In terms of local talent, last year we had two projects funded through Telefilm, which had never happened before. Some of the success of the recent shows and films that have shot here have helped get people excited and wanting to work. One of the projects funded through Telefilm is an Indigenous documentary, and we can’t wait to share that story with the country.
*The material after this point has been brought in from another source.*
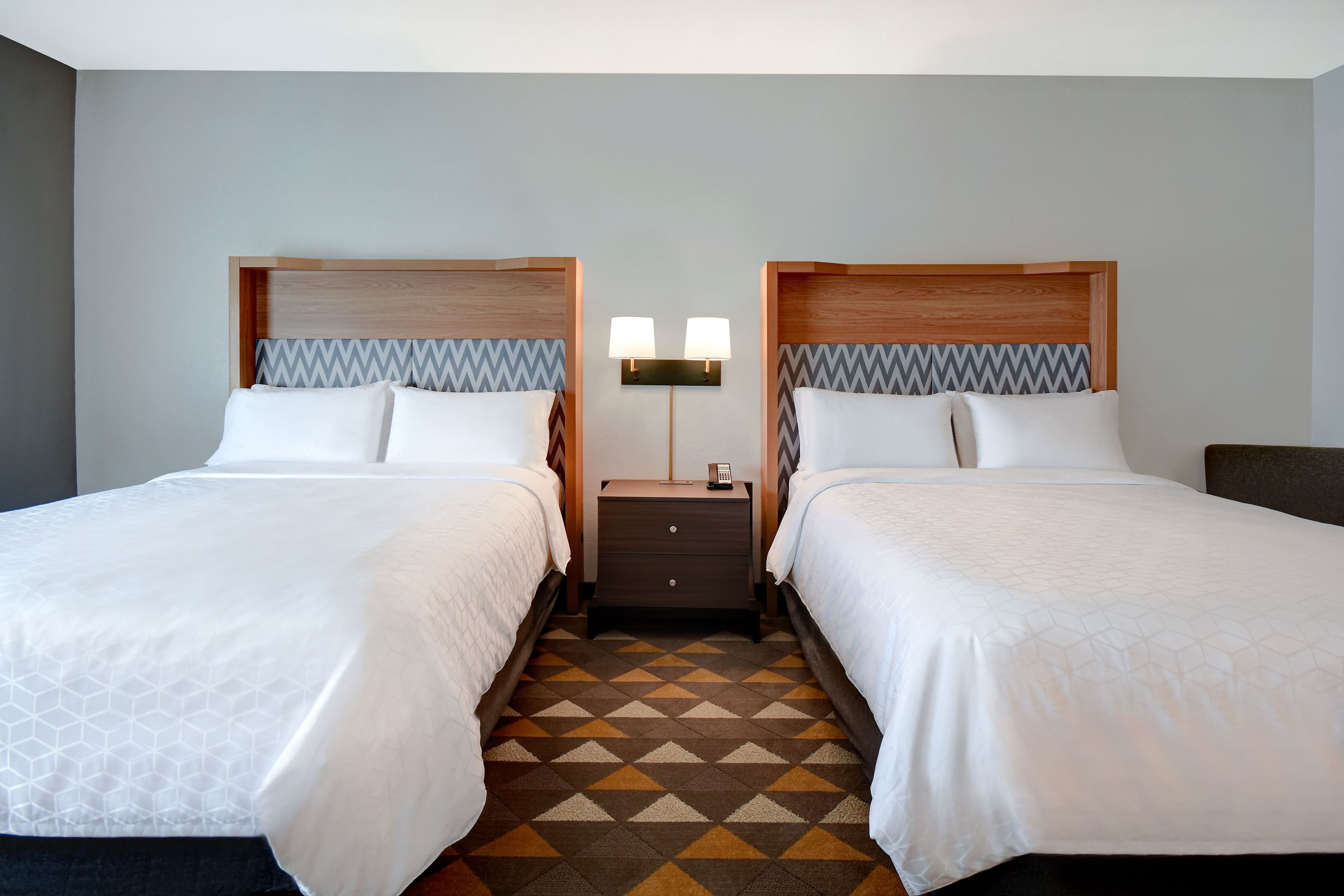 Holiday Inn Erie — 20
Call them pioneers, call them innovators, call them trailblazers—Eastern Canada’s current production strength is the result of the dedication and work of industry champions across the region. Here, we applaud four of the heavy lifters.
JAN MILLER
Industry champion, connector, driving force: Nova Scotia–based Jan Miller deserves all of these titles. The list of initiatives she’s helped create, launch and run is eye-poppingly long: the Local Heroes Film Festival in Edmonton, back in 1984; Strategic Partners, an international co-production event that encourages collaboration between Canada and the world; Trans Atlantic Partners, an international training program for established film and TV producers; the National Screen Institute film and TV training school; Women in Film and Television Atlantic (WIFT-AT) and Women in View—and always with a commitment to raising up diverse creative talent. According to Mackenzie, “She has this incredible history of driving growth in the film industry across Canada.” The Maritimes are proud to claim her.
MICHAEL VOLPE
From Mr. D to Trailer Park Boys to The Lighthouse, it seems everything that Michael Volpe produces turns to gold. The president of Halifax’s Topsail Entertainment has had a similar effect on the province’s screen industry. He was instrumental in getting Nova Scotia’s film tax credit reinstated, and it’s no coincidence that his tenure as board chair of Screen Nova Scotia has seen a huge boost in government investment in the sector, including $23 million toward building capacity and a new soundstage. Clearly, he’s a good one to have on your team.
DAVID MACLEOD
Canada’s production industry was gutted to lose David MacLeod in February of this year. The industry builder and veteran producer (North of 60, Black Harbour, Pure) was a long-time board member of the CMPA—he also served as chair for two years—and founding member of Screen Nova Scotia. “‘Pioneer’ is the right word for David,” says Laura Mackenzie of Screen Nova Scotia. “He was at the head of the table when Screen Nova Scotia had to come together to rally around the reinstating of the tax credit, and he was absolutely foundational in the work that we had to do.” He helped lay the foundation for many of Nova Scotia’s successes, and he is deeply missed.
PAUL POPE
When Paul Pope passed away in 2022, the City of St. John’s called him “a dynamic force in Newfoundland’s film and television industry.” The long-time producer (Grown Up Movie Star, Hudson & Rex) was a founding member of NIFCO (Newfoundland Independent Film Makers Co-op), which offers practical support and a post-production facility for film and TV creators; vice-chair of the Canada Media Fund; and a member of the CMPA board of directors. An unselfish mentor with many accolades to his name (including the Legend Award from St. John’s), Pope worked toward the establishment of a film school in Newfoundland, which was announced through the College of the North Atlantic shortly before he passed away. Says Laura Churchill of PictureNL, “Paul saw what film could do for a province and its people.”